The IDFA Awards for Best Film and Best Editing for polish ‘Trains’

Polish documentary ‘Trains’  directed by Maciej J. Drygas has won the IDFA Award for Best Film in the International Competition. The film also received the IDFA Award for Best Editing in the International Competition which went to Rafał Listopad. 

The Jury statement for IDFA Award for Best Film: 

The jury was unanimous. This is a bold and inventive use of archive. The film shows us routes to the positive and negative consequences of modern industrial innovation. It harnesses the magic of cinema and as an audience we are haunted by our present historical time, even while we bear witness to the past. The IDFA Award for Best Film goes to Trains by Maciej J. Drygas.

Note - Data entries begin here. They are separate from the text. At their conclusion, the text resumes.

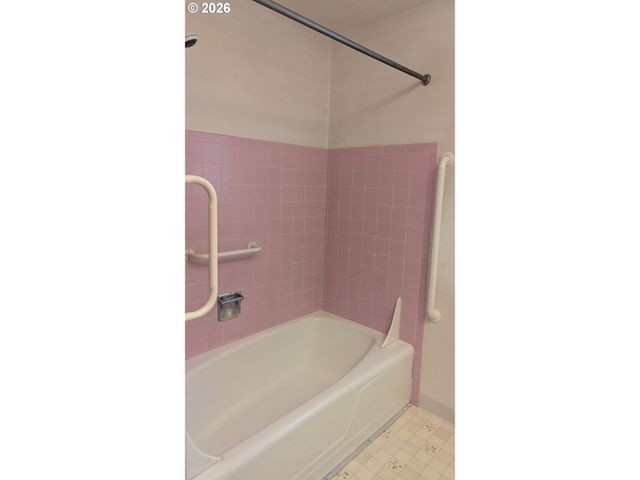 3203 17TH Ave, Forest Grove, OR 97116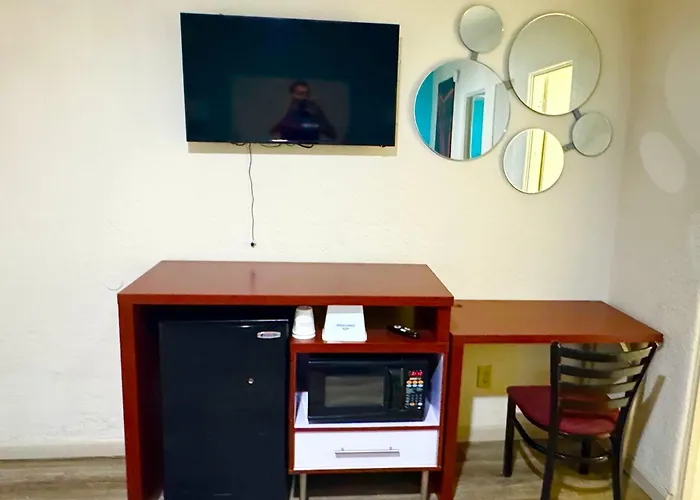 Howard Johnson By Wyndham Airport/downtown Area 2*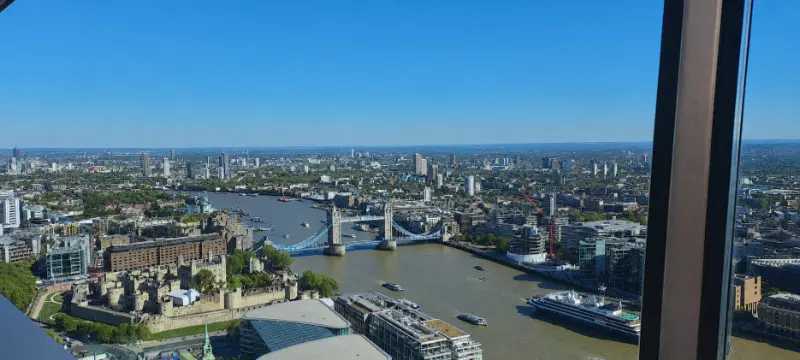 vista panoramica di Londra che include la Torre di Londra e il Tower Bridge
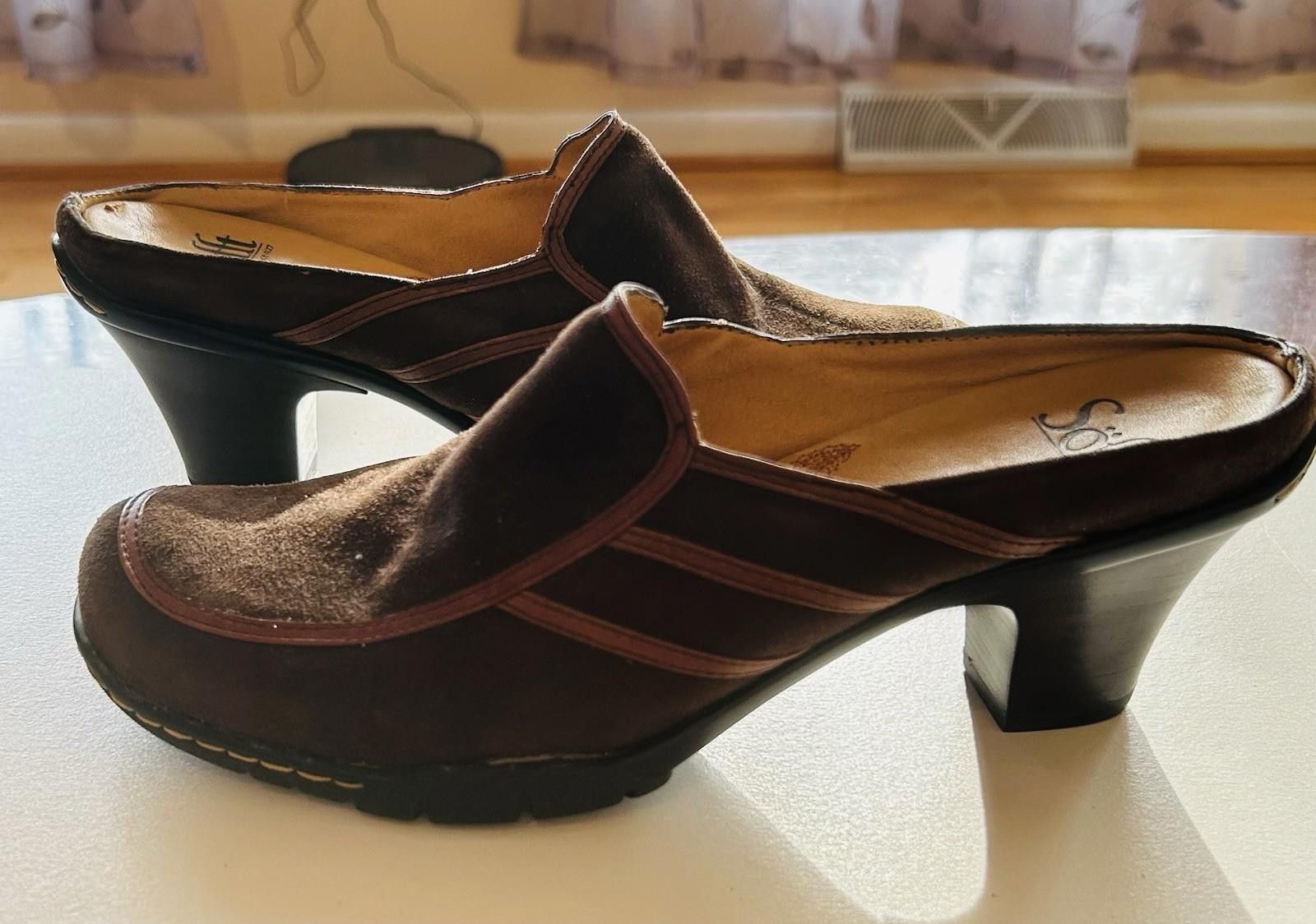 Soffe Sofft Brown Leather Suede Shoes Clogs Mules Heels Clogs Size US 7 / IT 37 - 1 Thumbnail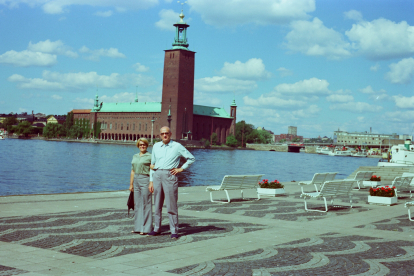 1976 Doireann MacDermott y Ramón Carnicer de viaje por el Báltico, en Estocolmo con el Ayuntamiento al fondo. ARCHIVO DOIREANN MACDERMOTT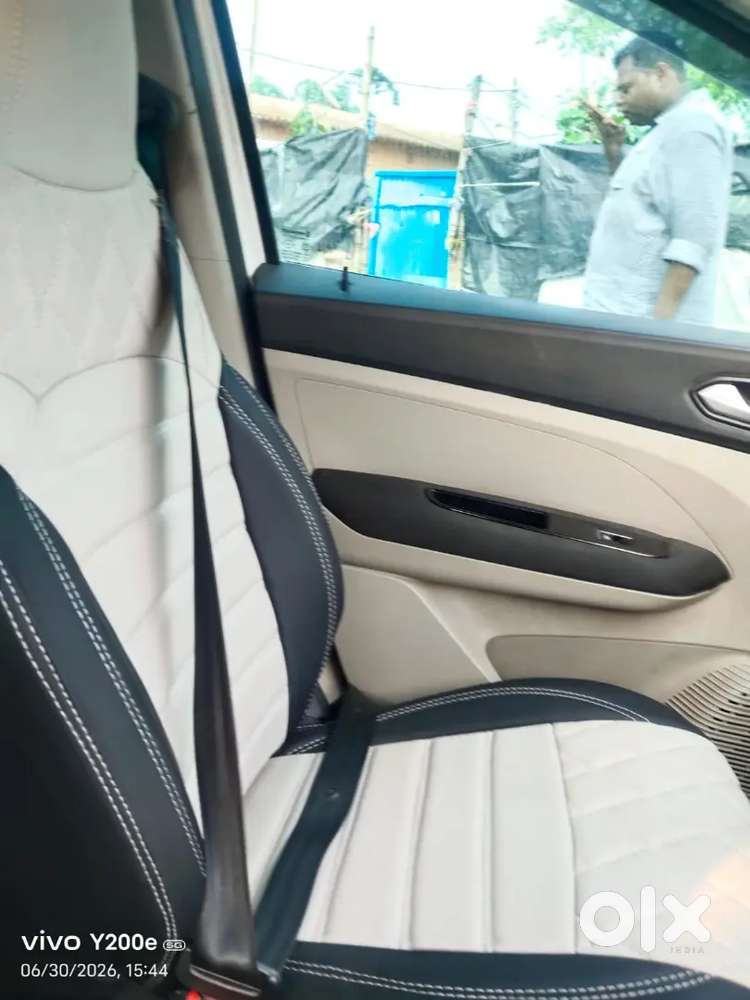 Renault Triber 2020 Petrol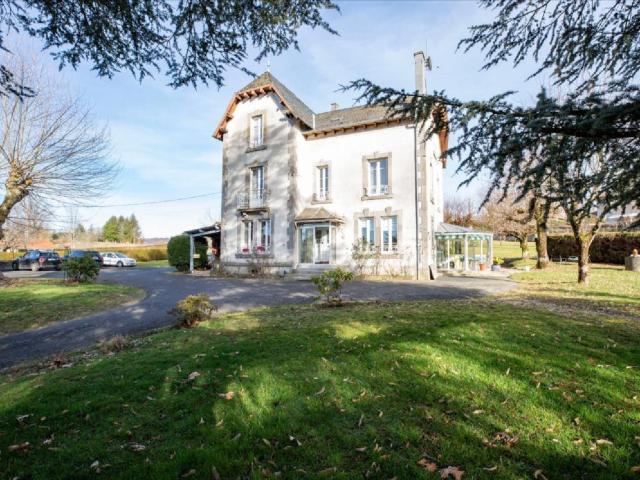 Maison vente à Aurillac, Jussac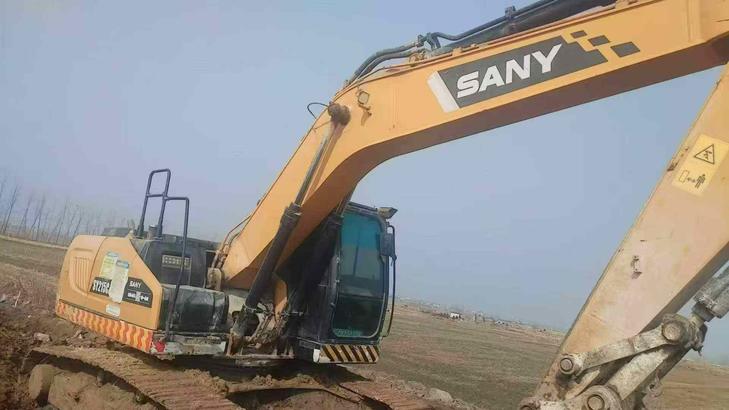Buy Sany SY215C Used Excavator / 1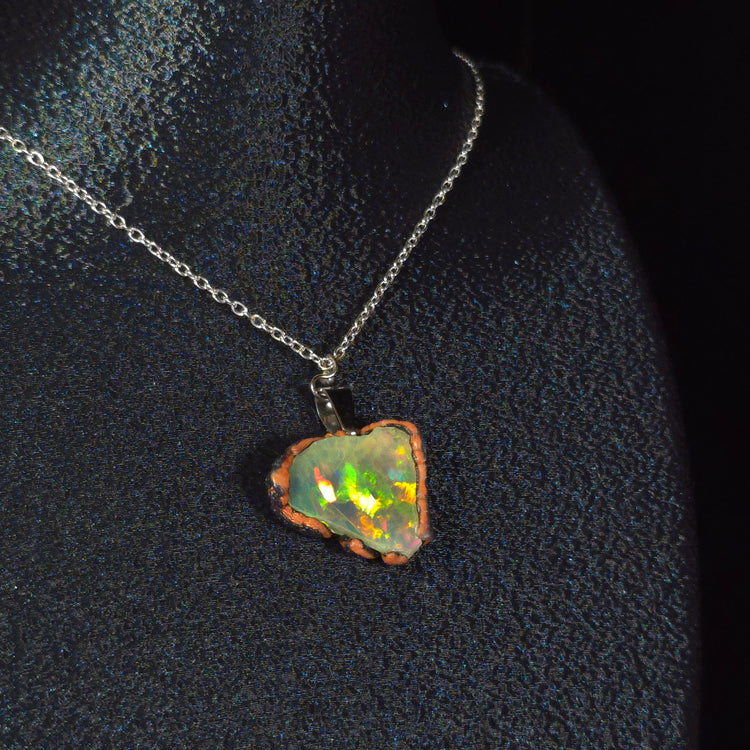 Opal Halskette — Segmentierter Regenbogen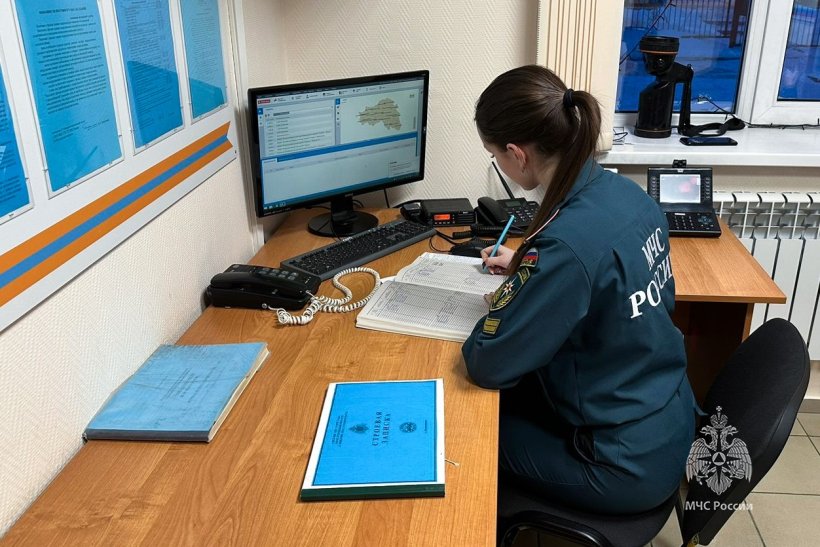 Курсанты 2 и 4 курса Академии проходят учебную практику в пожарно-спасательных подразделениях территориальных органов МЧС России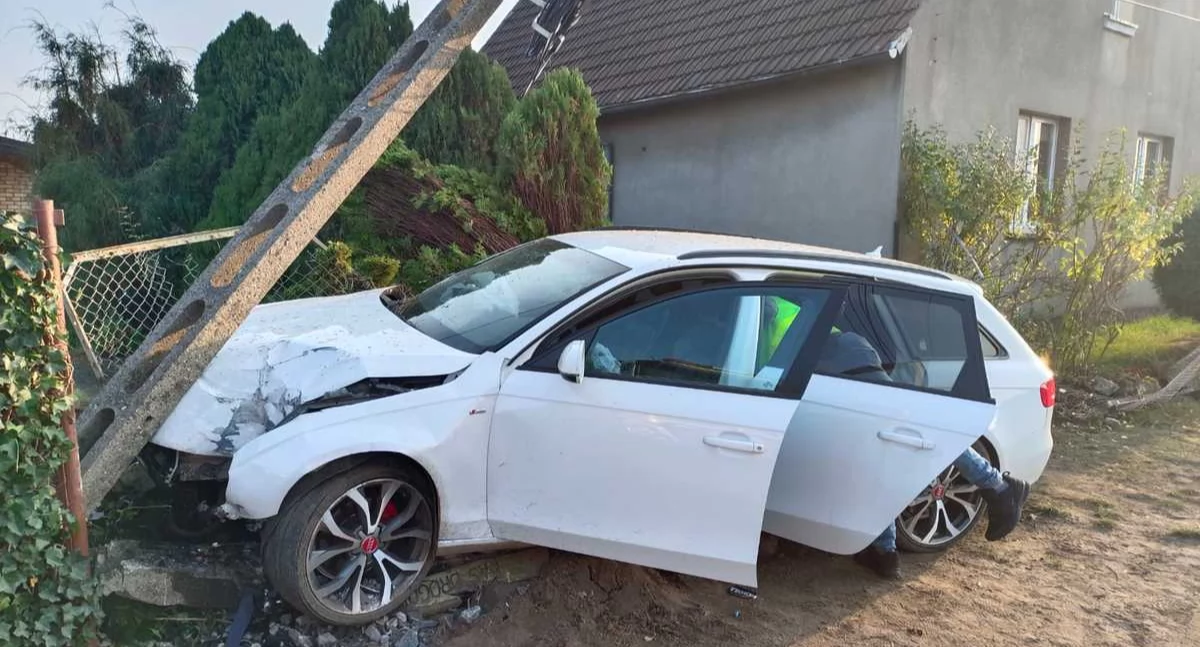 Pijany kierowca audi staranował płot i słup energetyczny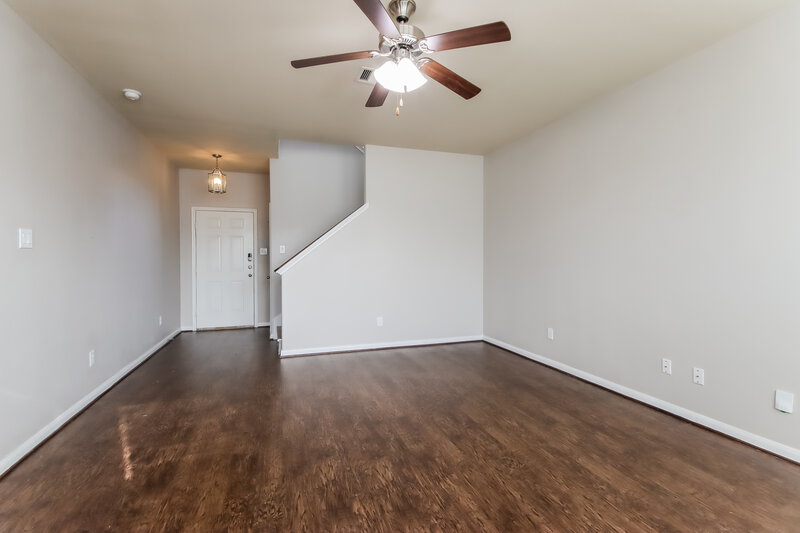 2,075/Mo, 23627 Maple View Dr Spring, TX 77373 Living Room View 2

The Jury statement for the IDFA Award for Best Editing: 

This film was masterfully edited. Both image and sound took us on a journey moving seamlessly through time. The film confronts us with history both subtly and with exacting precision and without a single word of dialogue. The IDFA Award for Best Editing goes to Trains by Maciej J. Drygas.”

Synopsis

Trains opens with a quote from Franz Kafka: “There is plenty of hope. An infinite amount of hope. But not for us.” These words hang like a dark cloud over this found footage documentary, which creates a collective portrait of people in 20th century Europe, capturing their hopes, desires, dramas, and tragedies.
Powerful scenes showing steam locomotives and railroad cars being assembled feel like a celebration of human ingenuity and labor. People dressed in festive attire embark on a rail journey. But these cheerful scenes soon make way for military transport: soldiers being deployed to the frontlines—quickly followed by civilians evacuating, a procession of ragged prisoners-of-war, and amputee soldiers. 
Times change, the pattern repeats. The archival material in this wordless film evokes an inevitable cycle of delight and destruction, beauty and bitterness. The image of a tangle of railroad tracks and switches raises the inevitable question: Which route will humanity choose?